DATA FOR THIS EXERCISE —
━━━━━━━━━━━━━━━━━━━━━━━━━━━━━━

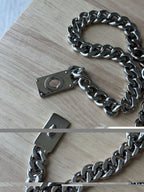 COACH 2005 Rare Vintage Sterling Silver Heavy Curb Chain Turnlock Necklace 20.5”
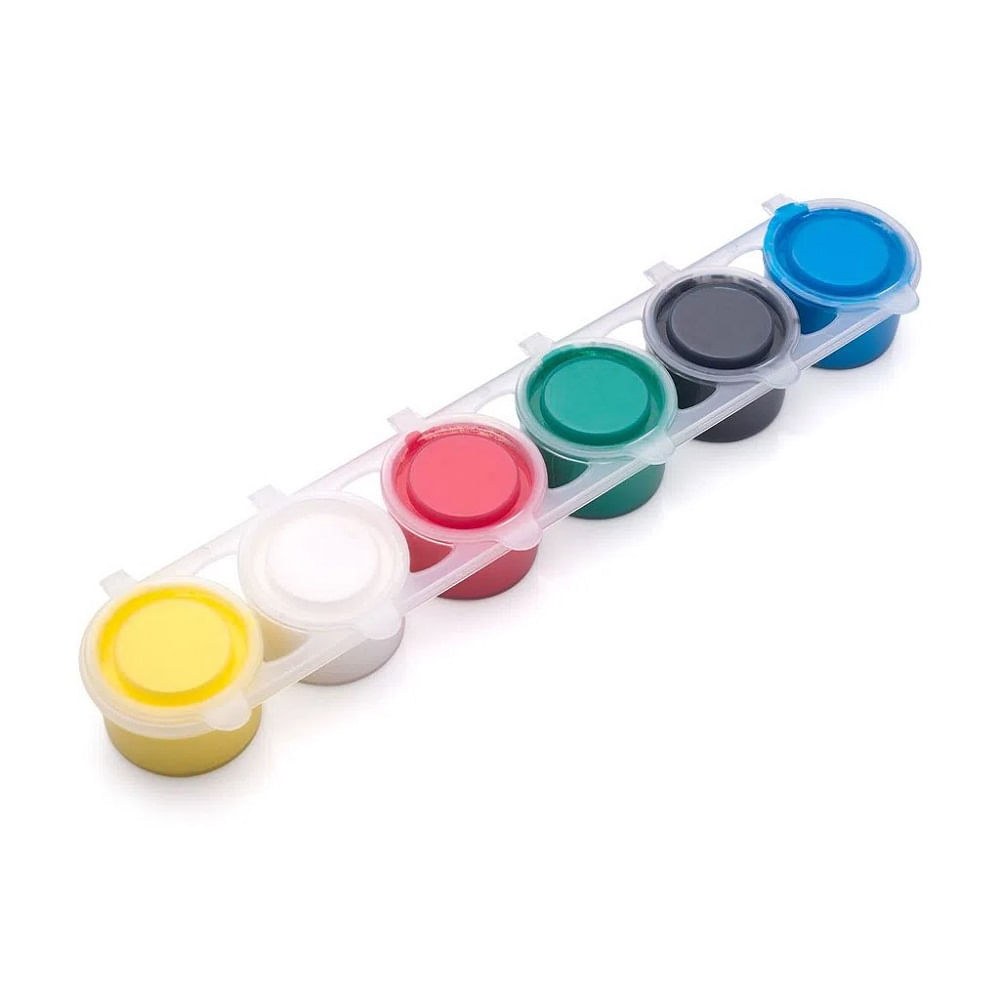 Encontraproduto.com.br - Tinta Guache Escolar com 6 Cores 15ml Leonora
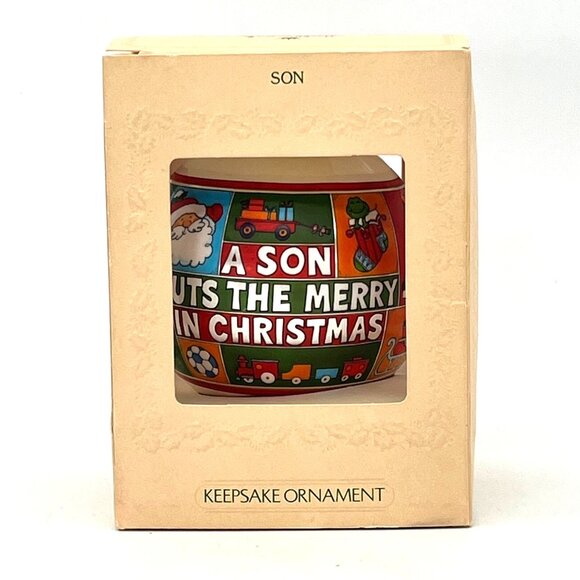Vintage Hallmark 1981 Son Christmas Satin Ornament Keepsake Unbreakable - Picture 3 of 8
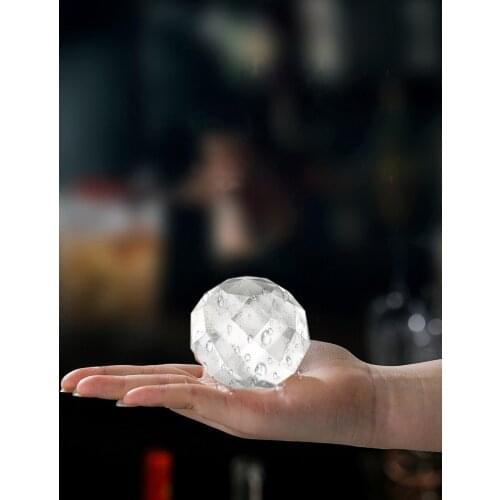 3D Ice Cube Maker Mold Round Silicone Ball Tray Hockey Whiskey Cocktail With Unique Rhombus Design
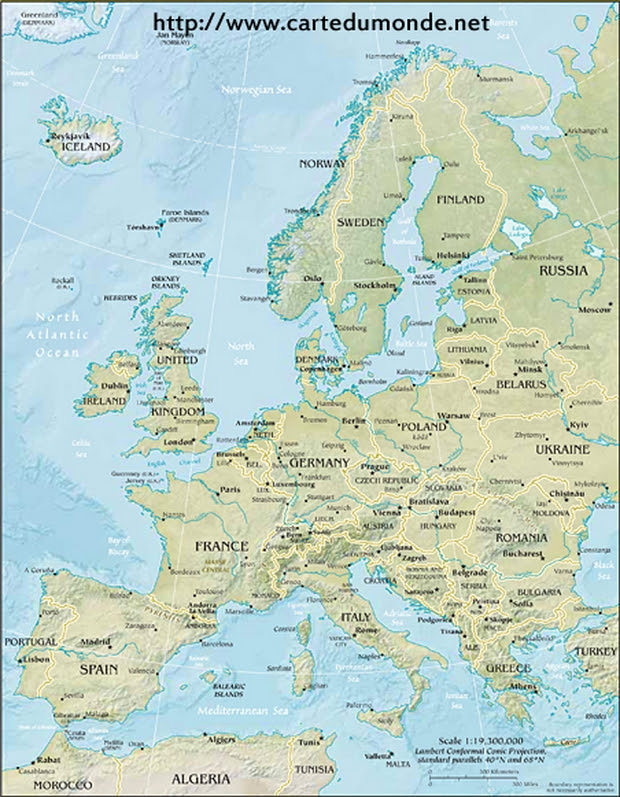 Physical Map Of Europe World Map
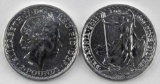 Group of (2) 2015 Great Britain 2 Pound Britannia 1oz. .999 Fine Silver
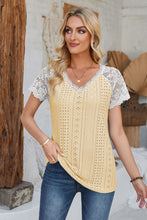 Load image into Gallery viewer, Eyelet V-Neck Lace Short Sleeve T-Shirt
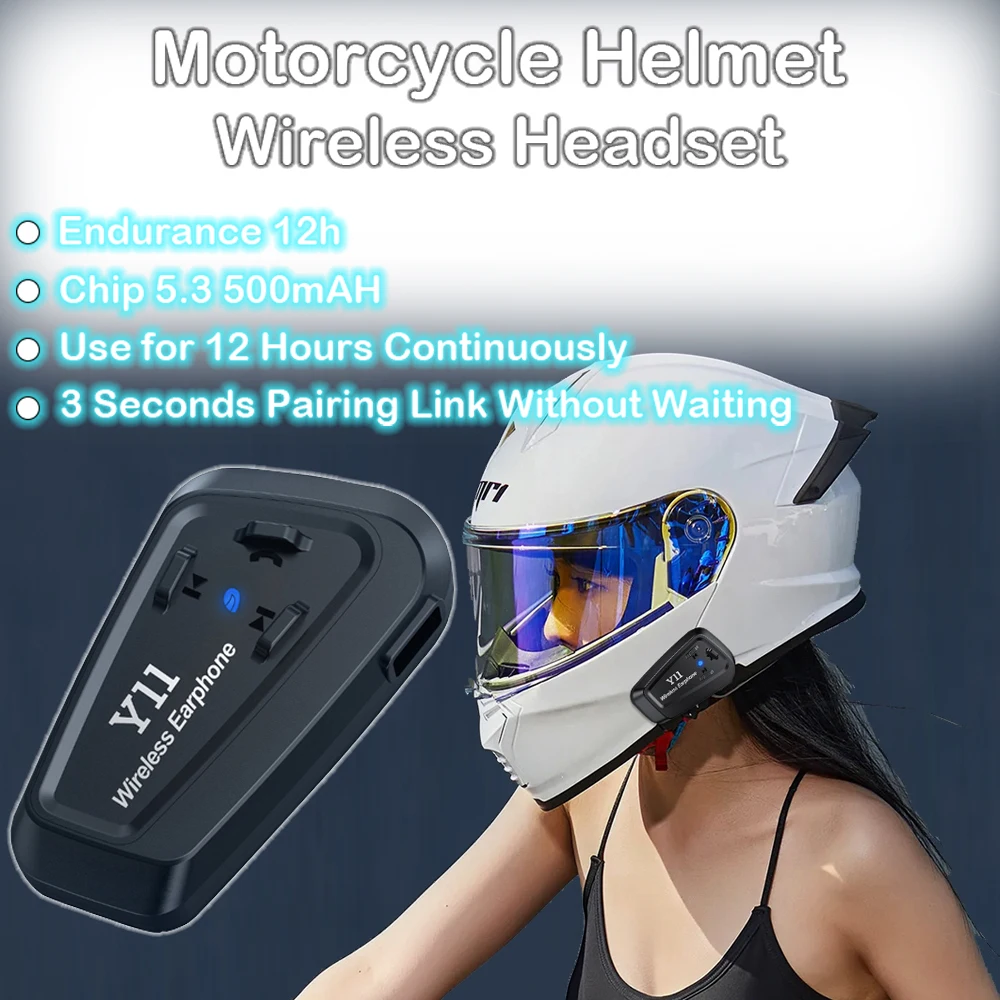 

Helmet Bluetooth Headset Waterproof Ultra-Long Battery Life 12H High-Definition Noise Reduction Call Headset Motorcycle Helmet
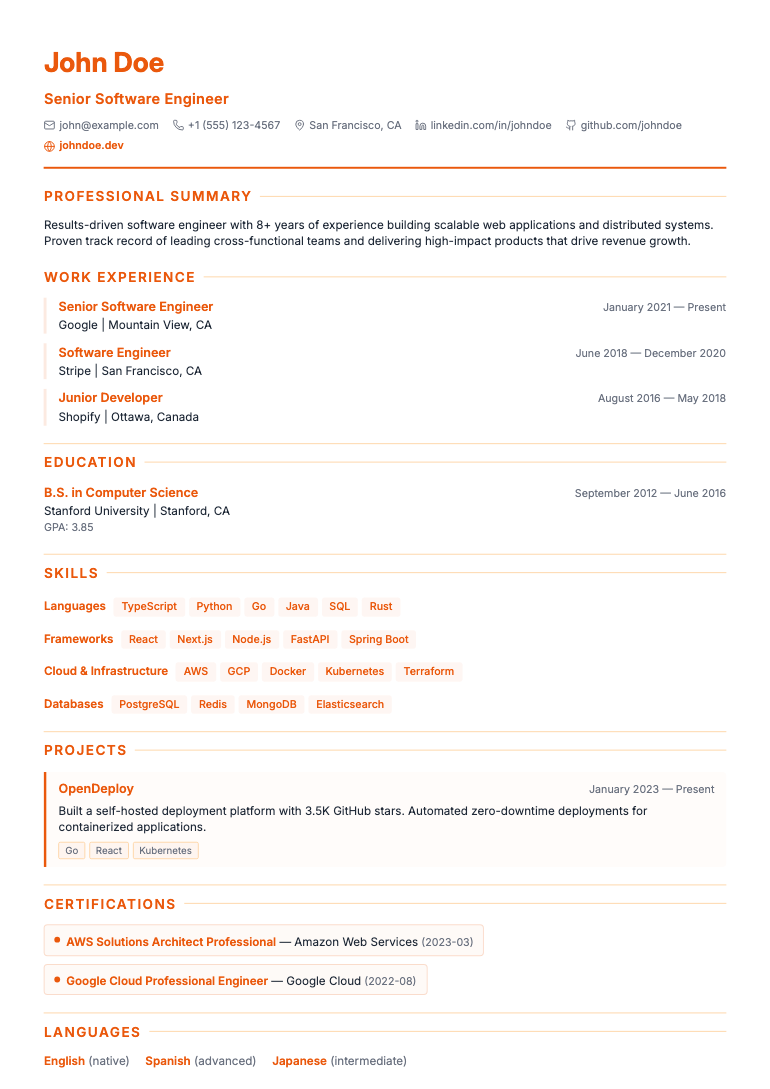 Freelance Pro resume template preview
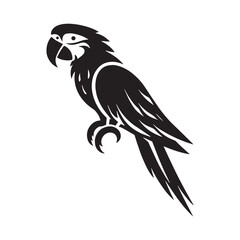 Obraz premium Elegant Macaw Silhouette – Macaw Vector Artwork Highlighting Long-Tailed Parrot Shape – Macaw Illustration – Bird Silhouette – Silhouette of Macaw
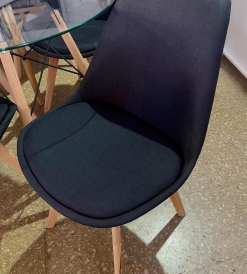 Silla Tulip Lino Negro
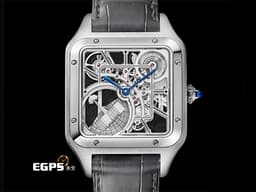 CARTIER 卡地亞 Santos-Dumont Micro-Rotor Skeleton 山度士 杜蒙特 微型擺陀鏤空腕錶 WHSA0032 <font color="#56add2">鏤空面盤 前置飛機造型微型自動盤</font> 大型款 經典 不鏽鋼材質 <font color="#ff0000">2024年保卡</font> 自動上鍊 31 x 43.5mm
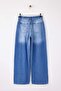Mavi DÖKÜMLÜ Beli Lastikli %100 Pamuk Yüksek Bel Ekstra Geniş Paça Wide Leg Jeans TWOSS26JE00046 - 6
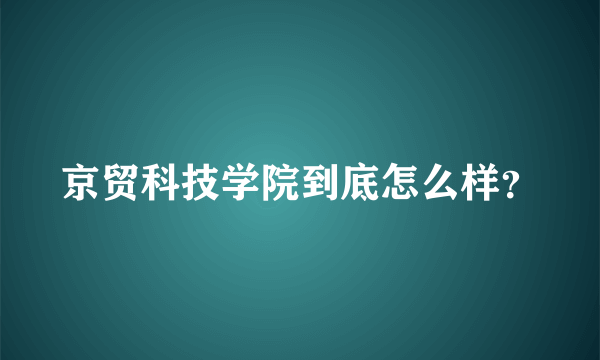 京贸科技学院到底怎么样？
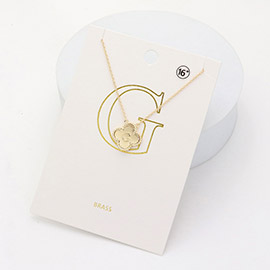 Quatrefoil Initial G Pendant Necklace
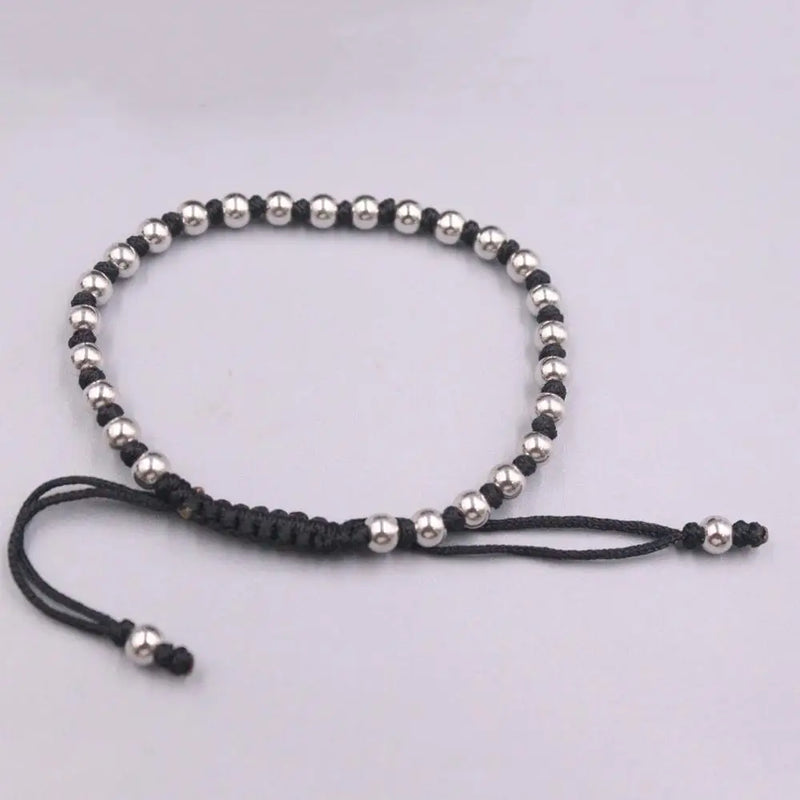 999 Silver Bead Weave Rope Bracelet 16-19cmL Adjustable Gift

━━━━━━━━━━━━━━━━━━━━━━━━━━━━━━

An exact repeat of the listing above, pictures excluded, is the answer.

 COACH 2005 Rare Vintage Sterling Silver Heavy Curb Chain Turnlock Necklace 20.5”
 Encontraproduto.com.br - Tinta Guache Escolar com 6 Cores 15ml Leonora
Vintage Hallmark 1981 Son Christmas Satin Ornament Keepsake Unbreakable - Picture 3 of 8
 3D Ice Cube Maker Mold Round Silicone Ball Tray Hockey Whiskey Cocktail With Unique Rhombus Design
 Physical Map Of Europe World Map
 Group of (2) 2015 Great Britain 2 Pound Britannia 1oz. .999 Fine Silver
 Load image into Gallery viewer, Eyelet V-Neck Lace Short Sleeve T-Shirt

Helmet Bluetooth Headset Waterproof Ultra-Long Battery Life 12H High-Definition Noise Reduction Call Headset Motorcycle Helmet
 Freelance Pro resume template preview
 Obraz premium Elegant Macaw Silhouette – Macaw Vector Artwork Highlighting Long-Tailed Parrot Shape – Macaw Illustration – Bird Silhouette – Silhouette of Macaw
 Silla Tulip Lino Negro
 CARTIER 卡地亞 Santos-Dumont Micro-Rotor Skeleton 山度士 杜蒙特 微型擺陀鏤空腕錶 WHSA0032 <font color="#56add2">鏤空面盤 前置飛機造型微型自動盤</font> 大型款 經典 不鏽鋼材質 <font color="#ff0000">2024年保卡</font> 自動上鍊 31 x 43.5mm
Mavi DÖKÜMLÜ Beli Lastikli %100 Pamuk Yüksek Bel Ekstra Geniş Paça Wide Leg Jeans TWOSS26JE00046 - 6
 京贸科技学院到底怎么样？
 Quatrefoil Initial G Pendant Necklace
 999 Silver Bead Weave Rope Bracelet 16-19cmL Adjustable Gift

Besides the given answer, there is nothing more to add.